6月から7月にかけて、日本列島は梅雨が明けてきます。そんな時期にほしいのが、柑橘類のさわやかなジューシーさではないでしょうか。ほとんどの国産中晩柑橘が終わってしまうこの時期でも、柑橘王国・愛媛県のなかでも柑橘のメッカであるJAにしうわ管内(三崎地区)から、最後の晩柑類「清見タンゴール」が出荷されてきます。消費地の市場や小売店では、ちょうど中元の時期にも間に合うため、ギフト商材として大歓迎。消費者の中にも待ちわびるファンがたくさんいるといいます。

この時期に出荷される三崎共選の「清見」は、鮮度と食味を保持して消費者の手に届けるために、MA包装(P-プラス)で個包装されているのが大きな特徴。4月いっぱい生産者のもとで貯蔵されていた清見は、共選場にすべて出荷され低温貯蔵に入りますが、このうちとくに品質がよく体質の強い清見だけが選抜され、6月以降のP-プラス包装品として出回ります。だから、JAにしうわの御自慢の「清見」なのです。

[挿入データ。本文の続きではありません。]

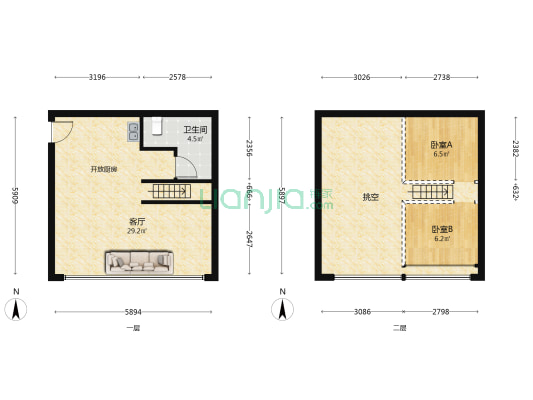 中信诚开信悦湾 2室1厅1卫 57平方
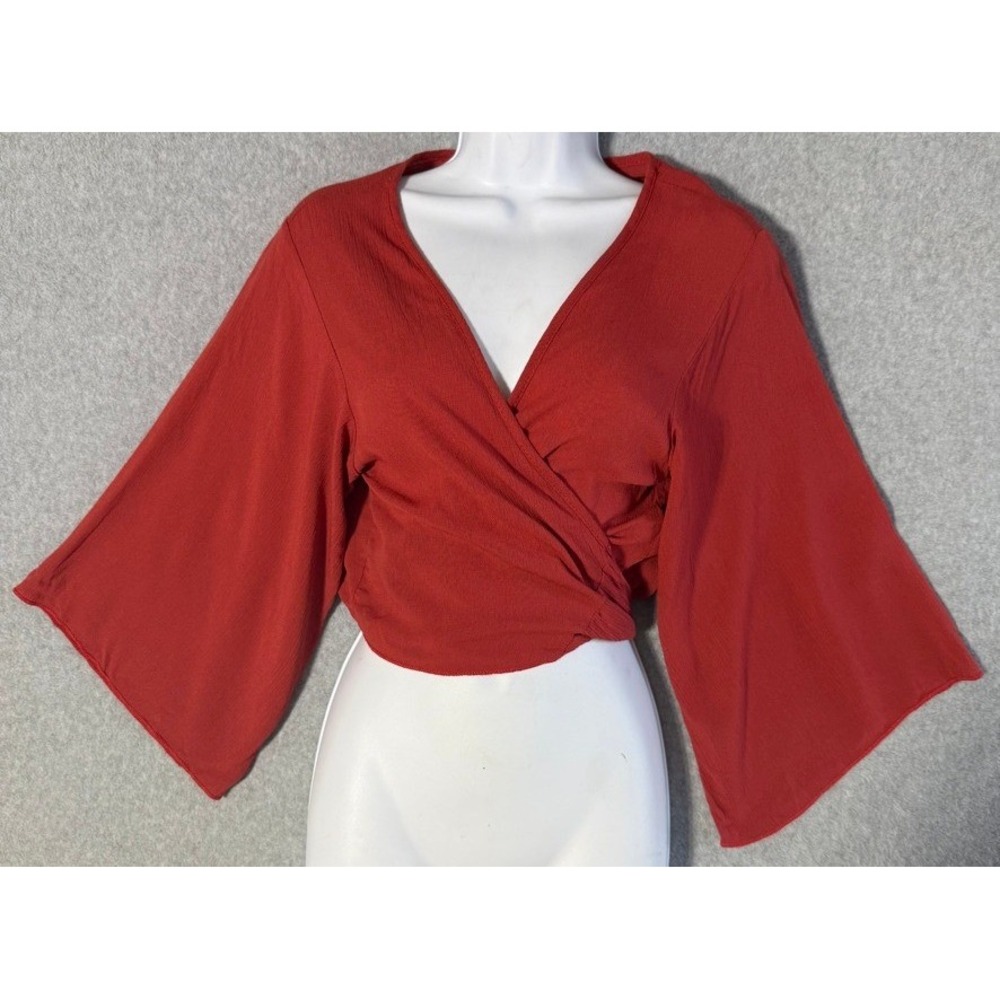 Windsor Red Kimono Sleeve Wrap Crop Top Boho Festival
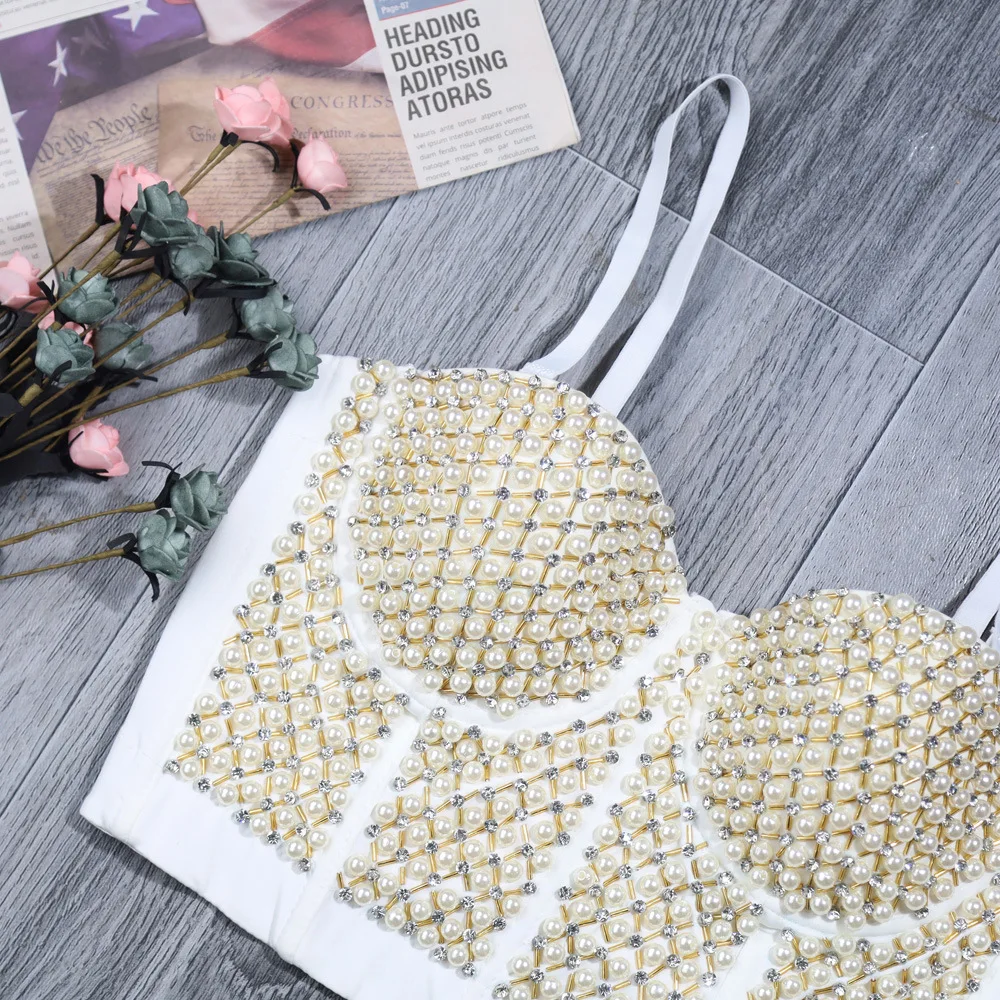 Nightclub party rhinestone-breasted tube top beam-shaped beautiful back corset waist sexy  umbilical camisole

三崎共選(三崎柑橘共同選果部会)のホームページでは、消費者に向けて次のようなメッセージが掲載されています。
 『私達は、日本一細長いと言われます四国最西端佐田岬半島より、中晩柑と呼ばれる、生育期間が長いかんきつ類をみなさまにお届けしております。中でも三崎産の清見タンゴールは、「清見と言えば三崎」、と全国の市場関係者より高い評価をいただいており、みかん王国愛媛の一翼を担っております。後にデコポン、せとかといった人気の中晩柑を育くんだ清見の清涼な風味を、三崎仕立てで是非ともご賞味くださいませ・・・』

また、とくに「清見」については『収穫は2月から。凍霜害に遭うおそれがありますが、春まで樹上に成らさなければ本当においしい清見はできないことを樹から教わり、以降、樹上越冬栽培にこだわって栽培してまいりました。』と、生産者の創意工夫の歴史と自負とをさりげなく紹介しています。

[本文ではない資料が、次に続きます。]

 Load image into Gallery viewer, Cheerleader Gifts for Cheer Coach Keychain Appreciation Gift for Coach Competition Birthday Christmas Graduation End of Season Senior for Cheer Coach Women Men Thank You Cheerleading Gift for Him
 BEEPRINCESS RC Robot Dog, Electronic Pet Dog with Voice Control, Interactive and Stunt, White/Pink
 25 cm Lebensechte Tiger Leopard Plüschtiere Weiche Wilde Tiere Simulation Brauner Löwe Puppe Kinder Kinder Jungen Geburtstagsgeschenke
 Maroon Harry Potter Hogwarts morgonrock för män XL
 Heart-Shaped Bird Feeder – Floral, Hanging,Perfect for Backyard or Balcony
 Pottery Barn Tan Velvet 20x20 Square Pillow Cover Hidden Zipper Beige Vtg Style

このように、三崎地区が全国的に“柑橘のメッカ”として知られているのは、日当たりが絶好な段々畑の園地で生産されていることや、イヨカンから始まってポンカン、デコポン、サンフルーツ、清見など生鮮の中晩柑で4000t。そのほかジュース加工もしており、柑橘部会280名という規模を誇っていることです。夏に向けてのギフト用として、P-プラス包装の清見タンゴールとジュースをセットにした商材も用意されているのも、小売店にとっては嬉しい対応です。

生産農家の高齢化や園地放棄も多い柑橘産地にあっても、ここ三崎地区においては、優良な産地を維持し高品質な柑橘の供給を継続してもらうために、JAにしうわでは農作業を支援する仕組みを持っており、県も販売対策に積極的に補助を出しているほど。2代目、3代目の若い生産農家が多いのも納得できます。

6~7月は、国産のスイカ、メロン、サクランボも出てくる時期ですが、輸入のチェリーやグレープフルーツ、ブドウなどが小売の売場の中心を占めがち。国産の柑橘が本格スタートする秋口まで、“柑橘好き”は長い端境期をガマンしなければなりません。そんな意味からも、“最後の晩柑”が楽しめる三崎の「清見」は貴重な存在でもあるのです。

最近、この時期に向けて柑橘各産地から、デコポン、河内晩柑、なつみなどが出回るようになりました。こうした晩柑類の長期販売が可能になったのも、実は、MA包装(P-プラス)を採用する事例が増えているからです。三崎地区からの「清見タンゴール」は、そのなかでも品質、食味だけでなく商品提案という面でも異色を放つ存在であることはいうまでもありません。